Musica e non solo. Perché Evan Greer è tante cose insieme. Attivista trans, vice presidente della più radicale associazione americana per i diritti digitali – Fight For The Future -, intellettuale, militante, giornalista e cantautore. Tante parti di sé che quando suona e compone tendono a riunirsi. A diventare una cosa sola. La prova, l’ulteriore prova? Il suo ultimo album, che uscirà a giorni: si chiama “Spotify Is Surveillance”, Spotify è sorveglianza. E’ solo sorveglianza, niente a che fare con la musica. 

Perché la musica sta altrove. Sta, probabilmente, nei concerti, nei suoi concerti che hanno accompagnato la lunga stagione del Black Lives Matter, sta nella chitarra, nella sua chitarra che ha suonato in tante piazze americane, dai Gay Pride agli scioperi degli insegnanti di Boston. Sta nel suo penultimo lavoro – “she, her, they, them” –, forse il documento musicale più profondo ed autorevole su chi sceglie – o non vuole scegliere – un’identità di genere.

E la musica sta certo in “Spotify is Surveillance”. A cominciare dal singolo – che precede l’album e che da due mesi è scaricabile su bandcamp – , “Back Row”. Dove un incedere lento della chitarra e della voce, quasi minimale – a mo’ dei Feelies, per chi ricorda lo storico gruppo del New Jersey – passo dopo passo, ti accompagna ad un’atmosfera disincantata.
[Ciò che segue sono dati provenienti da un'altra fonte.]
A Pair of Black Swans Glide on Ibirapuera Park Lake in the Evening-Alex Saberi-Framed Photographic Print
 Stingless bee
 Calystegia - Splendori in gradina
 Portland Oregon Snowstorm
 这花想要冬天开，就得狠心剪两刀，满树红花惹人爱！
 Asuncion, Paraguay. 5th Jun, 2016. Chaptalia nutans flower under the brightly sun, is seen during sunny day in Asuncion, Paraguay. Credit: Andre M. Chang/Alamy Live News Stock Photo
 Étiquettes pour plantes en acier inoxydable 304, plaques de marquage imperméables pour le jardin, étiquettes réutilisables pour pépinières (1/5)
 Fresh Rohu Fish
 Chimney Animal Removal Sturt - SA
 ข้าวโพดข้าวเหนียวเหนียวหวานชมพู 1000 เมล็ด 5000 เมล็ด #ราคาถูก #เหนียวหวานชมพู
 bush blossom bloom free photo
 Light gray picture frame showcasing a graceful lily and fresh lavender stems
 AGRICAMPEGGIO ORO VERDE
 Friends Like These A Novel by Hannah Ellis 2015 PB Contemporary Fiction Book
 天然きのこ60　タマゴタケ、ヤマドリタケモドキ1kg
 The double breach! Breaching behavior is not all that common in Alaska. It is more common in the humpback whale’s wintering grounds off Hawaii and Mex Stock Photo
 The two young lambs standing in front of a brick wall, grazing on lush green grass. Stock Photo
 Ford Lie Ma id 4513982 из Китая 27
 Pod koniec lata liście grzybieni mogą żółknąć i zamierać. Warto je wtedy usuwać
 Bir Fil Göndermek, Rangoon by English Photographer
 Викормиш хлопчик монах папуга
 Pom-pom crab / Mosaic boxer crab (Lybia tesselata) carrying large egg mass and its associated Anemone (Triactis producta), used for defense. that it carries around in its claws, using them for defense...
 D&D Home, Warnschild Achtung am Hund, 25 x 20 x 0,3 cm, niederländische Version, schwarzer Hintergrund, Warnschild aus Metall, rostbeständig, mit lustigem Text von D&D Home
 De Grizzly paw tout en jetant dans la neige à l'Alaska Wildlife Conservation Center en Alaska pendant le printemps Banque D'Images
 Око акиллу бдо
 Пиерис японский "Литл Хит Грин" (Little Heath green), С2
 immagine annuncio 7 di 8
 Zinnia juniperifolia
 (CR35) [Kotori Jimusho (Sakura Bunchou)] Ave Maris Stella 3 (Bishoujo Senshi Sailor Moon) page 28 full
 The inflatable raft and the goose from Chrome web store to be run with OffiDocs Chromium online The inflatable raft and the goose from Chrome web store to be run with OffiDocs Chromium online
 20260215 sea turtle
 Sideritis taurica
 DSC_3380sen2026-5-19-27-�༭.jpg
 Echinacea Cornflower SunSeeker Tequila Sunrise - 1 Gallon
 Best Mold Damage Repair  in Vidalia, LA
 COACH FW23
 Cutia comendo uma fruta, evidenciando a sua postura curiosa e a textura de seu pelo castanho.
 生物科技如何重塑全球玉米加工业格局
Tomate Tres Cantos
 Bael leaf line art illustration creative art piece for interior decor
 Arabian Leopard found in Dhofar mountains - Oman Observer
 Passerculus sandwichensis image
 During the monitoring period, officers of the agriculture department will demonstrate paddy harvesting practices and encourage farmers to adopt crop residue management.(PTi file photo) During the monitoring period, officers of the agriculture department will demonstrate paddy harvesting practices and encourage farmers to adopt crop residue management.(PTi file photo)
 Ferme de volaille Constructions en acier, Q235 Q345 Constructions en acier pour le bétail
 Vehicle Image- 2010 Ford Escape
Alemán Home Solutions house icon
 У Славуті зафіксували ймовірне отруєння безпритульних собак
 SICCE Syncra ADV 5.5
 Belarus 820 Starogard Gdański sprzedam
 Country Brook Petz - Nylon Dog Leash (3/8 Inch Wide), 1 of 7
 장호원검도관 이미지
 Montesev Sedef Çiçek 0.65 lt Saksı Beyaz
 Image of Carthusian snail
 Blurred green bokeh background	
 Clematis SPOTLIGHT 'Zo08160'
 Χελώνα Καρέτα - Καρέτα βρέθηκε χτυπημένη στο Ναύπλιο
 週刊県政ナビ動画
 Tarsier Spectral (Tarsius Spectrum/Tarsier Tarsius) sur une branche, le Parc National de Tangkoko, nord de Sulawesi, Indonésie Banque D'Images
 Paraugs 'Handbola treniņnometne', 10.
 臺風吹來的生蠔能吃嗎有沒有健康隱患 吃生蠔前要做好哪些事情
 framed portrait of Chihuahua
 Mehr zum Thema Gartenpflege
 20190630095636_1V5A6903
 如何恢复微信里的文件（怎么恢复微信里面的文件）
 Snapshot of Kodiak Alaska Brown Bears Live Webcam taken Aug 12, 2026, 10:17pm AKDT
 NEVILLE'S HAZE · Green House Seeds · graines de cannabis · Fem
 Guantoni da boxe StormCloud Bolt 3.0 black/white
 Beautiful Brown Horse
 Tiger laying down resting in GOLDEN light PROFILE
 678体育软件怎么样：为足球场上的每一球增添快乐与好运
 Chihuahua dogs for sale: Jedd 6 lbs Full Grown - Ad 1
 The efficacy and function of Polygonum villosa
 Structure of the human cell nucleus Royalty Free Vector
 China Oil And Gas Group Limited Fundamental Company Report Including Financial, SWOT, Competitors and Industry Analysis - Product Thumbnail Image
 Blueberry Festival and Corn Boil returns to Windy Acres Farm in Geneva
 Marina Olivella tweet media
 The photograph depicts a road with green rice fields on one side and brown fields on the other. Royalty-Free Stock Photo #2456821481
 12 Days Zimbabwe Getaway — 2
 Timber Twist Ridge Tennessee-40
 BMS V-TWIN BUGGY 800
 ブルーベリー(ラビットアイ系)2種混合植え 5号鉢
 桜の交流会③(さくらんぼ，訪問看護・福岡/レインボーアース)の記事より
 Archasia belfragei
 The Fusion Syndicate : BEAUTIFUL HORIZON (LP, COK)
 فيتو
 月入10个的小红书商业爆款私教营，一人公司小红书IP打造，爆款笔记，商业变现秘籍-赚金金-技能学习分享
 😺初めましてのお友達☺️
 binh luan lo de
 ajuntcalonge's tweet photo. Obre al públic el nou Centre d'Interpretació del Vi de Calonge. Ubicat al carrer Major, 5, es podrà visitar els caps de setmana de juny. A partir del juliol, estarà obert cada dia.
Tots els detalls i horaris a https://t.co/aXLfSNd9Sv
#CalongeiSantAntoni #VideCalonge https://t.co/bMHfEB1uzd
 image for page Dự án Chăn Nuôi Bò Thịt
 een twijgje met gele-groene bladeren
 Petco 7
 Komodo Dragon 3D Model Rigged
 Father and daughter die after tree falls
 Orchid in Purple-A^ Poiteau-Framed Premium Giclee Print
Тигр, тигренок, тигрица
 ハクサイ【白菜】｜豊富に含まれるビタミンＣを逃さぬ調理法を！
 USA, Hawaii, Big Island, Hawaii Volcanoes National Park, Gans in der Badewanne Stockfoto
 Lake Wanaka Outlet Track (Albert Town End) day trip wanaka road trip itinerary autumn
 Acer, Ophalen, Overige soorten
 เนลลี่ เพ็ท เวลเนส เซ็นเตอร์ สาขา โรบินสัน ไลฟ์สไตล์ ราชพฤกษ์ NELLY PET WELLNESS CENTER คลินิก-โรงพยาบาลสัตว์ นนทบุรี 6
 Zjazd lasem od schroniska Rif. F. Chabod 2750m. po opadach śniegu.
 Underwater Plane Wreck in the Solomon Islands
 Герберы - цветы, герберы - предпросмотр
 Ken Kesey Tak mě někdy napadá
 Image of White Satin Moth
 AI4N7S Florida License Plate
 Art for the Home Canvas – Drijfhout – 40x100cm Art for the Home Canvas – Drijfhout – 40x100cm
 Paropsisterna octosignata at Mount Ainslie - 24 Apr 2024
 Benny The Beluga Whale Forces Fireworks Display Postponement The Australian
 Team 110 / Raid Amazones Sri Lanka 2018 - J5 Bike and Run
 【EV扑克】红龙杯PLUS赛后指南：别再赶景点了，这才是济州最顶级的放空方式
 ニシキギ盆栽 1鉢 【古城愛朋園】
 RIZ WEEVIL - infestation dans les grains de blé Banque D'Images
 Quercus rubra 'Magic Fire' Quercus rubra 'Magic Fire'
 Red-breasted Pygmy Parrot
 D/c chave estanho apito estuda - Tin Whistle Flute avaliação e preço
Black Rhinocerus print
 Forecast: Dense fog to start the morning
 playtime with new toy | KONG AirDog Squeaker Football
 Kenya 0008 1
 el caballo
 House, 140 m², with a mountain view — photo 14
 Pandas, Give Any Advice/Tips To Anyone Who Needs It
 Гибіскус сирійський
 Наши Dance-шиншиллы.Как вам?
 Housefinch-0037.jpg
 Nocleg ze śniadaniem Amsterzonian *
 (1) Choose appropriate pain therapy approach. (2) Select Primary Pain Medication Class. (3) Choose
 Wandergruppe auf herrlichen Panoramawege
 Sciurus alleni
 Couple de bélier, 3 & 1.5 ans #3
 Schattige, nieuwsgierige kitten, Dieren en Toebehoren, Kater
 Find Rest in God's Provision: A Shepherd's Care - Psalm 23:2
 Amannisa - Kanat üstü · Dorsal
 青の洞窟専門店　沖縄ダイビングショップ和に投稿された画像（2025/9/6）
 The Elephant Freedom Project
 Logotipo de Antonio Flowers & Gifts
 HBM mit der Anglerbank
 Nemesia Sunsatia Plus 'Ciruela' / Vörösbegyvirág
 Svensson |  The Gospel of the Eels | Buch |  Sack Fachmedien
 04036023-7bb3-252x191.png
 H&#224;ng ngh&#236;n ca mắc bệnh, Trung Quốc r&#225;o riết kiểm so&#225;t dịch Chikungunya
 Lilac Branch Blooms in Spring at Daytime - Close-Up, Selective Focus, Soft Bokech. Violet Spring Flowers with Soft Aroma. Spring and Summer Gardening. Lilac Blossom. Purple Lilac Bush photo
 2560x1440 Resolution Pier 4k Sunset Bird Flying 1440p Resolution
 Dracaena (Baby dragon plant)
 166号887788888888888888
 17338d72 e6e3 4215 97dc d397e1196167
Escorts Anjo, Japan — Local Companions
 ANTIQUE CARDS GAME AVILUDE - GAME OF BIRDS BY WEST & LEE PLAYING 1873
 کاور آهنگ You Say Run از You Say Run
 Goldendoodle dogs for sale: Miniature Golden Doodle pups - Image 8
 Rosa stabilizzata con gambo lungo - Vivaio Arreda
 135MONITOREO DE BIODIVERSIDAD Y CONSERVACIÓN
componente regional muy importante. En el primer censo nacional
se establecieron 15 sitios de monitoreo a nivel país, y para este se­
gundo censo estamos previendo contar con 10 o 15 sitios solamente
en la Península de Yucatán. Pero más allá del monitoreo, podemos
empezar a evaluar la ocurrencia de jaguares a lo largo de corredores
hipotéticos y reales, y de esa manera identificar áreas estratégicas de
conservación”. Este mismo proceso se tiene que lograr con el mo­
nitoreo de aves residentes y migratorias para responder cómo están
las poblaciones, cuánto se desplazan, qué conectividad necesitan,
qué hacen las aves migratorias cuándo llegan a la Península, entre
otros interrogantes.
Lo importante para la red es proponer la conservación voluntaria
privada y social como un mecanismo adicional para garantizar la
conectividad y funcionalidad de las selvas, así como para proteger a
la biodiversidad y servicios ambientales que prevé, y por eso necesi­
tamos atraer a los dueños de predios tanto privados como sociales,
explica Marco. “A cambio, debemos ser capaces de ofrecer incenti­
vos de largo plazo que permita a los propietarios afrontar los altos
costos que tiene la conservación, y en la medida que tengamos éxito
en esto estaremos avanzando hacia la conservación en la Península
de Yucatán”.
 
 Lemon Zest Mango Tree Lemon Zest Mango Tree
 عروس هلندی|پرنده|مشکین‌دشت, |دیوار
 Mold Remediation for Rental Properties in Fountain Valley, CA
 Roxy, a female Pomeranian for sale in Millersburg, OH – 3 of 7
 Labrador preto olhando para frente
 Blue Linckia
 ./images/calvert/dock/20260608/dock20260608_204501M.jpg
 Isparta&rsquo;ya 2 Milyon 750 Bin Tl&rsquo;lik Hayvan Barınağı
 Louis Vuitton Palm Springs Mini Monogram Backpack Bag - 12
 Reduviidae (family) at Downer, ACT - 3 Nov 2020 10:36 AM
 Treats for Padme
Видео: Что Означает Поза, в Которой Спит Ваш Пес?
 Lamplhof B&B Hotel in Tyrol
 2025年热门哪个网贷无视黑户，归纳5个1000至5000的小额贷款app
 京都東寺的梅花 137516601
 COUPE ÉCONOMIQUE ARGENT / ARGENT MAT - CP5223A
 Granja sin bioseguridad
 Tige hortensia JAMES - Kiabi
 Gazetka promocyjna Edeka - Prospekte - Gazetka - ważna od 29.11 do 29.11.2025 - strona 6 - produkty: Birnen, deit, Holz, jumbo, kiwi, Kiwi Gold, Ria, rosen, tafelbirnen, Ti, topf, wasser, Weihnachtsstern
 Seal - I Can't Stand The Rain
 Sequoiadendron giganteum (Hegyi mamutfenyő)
Dove anche la voce si modula su una frequenza che sembra non lasciare più molto spazio alla speranza.

Oppure – di nuovo – la musica sta in quel brano, “Emma Goldman Would Have Beat Your Ass”. Titolo strano per un omaggio, il suo omaggio alla filosofa, all’intellettuale anarchica americana, protagonista della storia a cavallo fra l’800 e il 900. Una militante che provò anche a sostenere la rivoluzione bolscevica, prima della rivolta di Kronštad, quando fu costretta a lasciare precipitosamente l’Unione Sovietica. Ricominciando le sue battaglie che la portarono in Spagna, dove di nuovo dovette scontrarsi col fascismo ma anche con l’ottusità di organizzazioni ormai egemonizzate dallo stalinismo.

E lui come la omaggia? Recuperando tutta intera la rabbia, l’essenzialità del punk losangelino della fine degli anni ’70. Con un brano che sarebbe perfetto in “The Decline of Western Civilization”, un tappeto di suoni duro, incalzante, sopra il quale ci tesse una sorta di poesia urlata. Il manifesto di una prossima rivolta. Fatta anche in nome di Emma Goldman.

Ed ancora, forse la musica – vera – sta anche in quella inusuale cover di John Prine, “Angel fron Montgomery”. Una canzone del folksinger dell’Illinois che potrebbe davvero essere considerata un’anticipazione di quel che sarebbe avvenuto anni dopo, con l’esplosione del movimento femminista; dove John Prine, nel ’71, con una chitarra in mano, raccontava di un’anziana casalinga, che non ne può più di lavare i piatti, non ne può più di una vita davanti alla tv. Di una routine che la uccide. Qui, però, quell’atmosfera confidenziale dell’originale lascia il posto al linguaggio che Greer ritiene più consono alla denuncia: ancora un punk essenziale. Senza cedimenti, senza fronzoli.

In tutto l’album non c’è però una canzone che si chiami “Spotify is Surveillance”(c’è comunque “Surveillance Capitalism”). Allora perché quel titolo? “Perché – spiega Evan Greer in un’intervista a pitchfork.com – se permettiamo a un modello di business parassitario, basato sulla sorveglianza e la manipolazione di dominare l’industria musicale, è chiaro che questo servirà semplicemente a rafforzare ed esacerbare le forme di ingiustizia esistenti. Tanto più in un settore che è stato a lungo afflitto dalla supremazia bianca, dal patriarcato, dall’eterosessismo”.

E Spotify – il servizio di riproduzione digitale, non l’album – è forse la punta di diamante di tutto questo. “Si presentano alla moda, sembrano progressisti ed amici dei musicisti. Il loro modello di profitto si basa invece sulla raccolta dei nostri dati, sul monitoraggio delle emozioni, sulla profilazione dei nostri comportamenti per arricchire gli inserzionisti”. Basti pensare che Spotify ha recentemente depositato un brevetto per uno strumento capace di monitorare i discorsi, addirittura il tono della voce degli ascoltatori. “Ufficialmente per consigliare la musica più adatta al nostro stato d’animo – prosegue Evan Greer – ma sappiamo che non è vero”.

La musica dovrebbe essere altro. “Dovrebbe riguardare connessione ed esperienza collettiva, non sorveglianza e sfruttamento”. E allora, semplicemente: la musica non è su Spotify.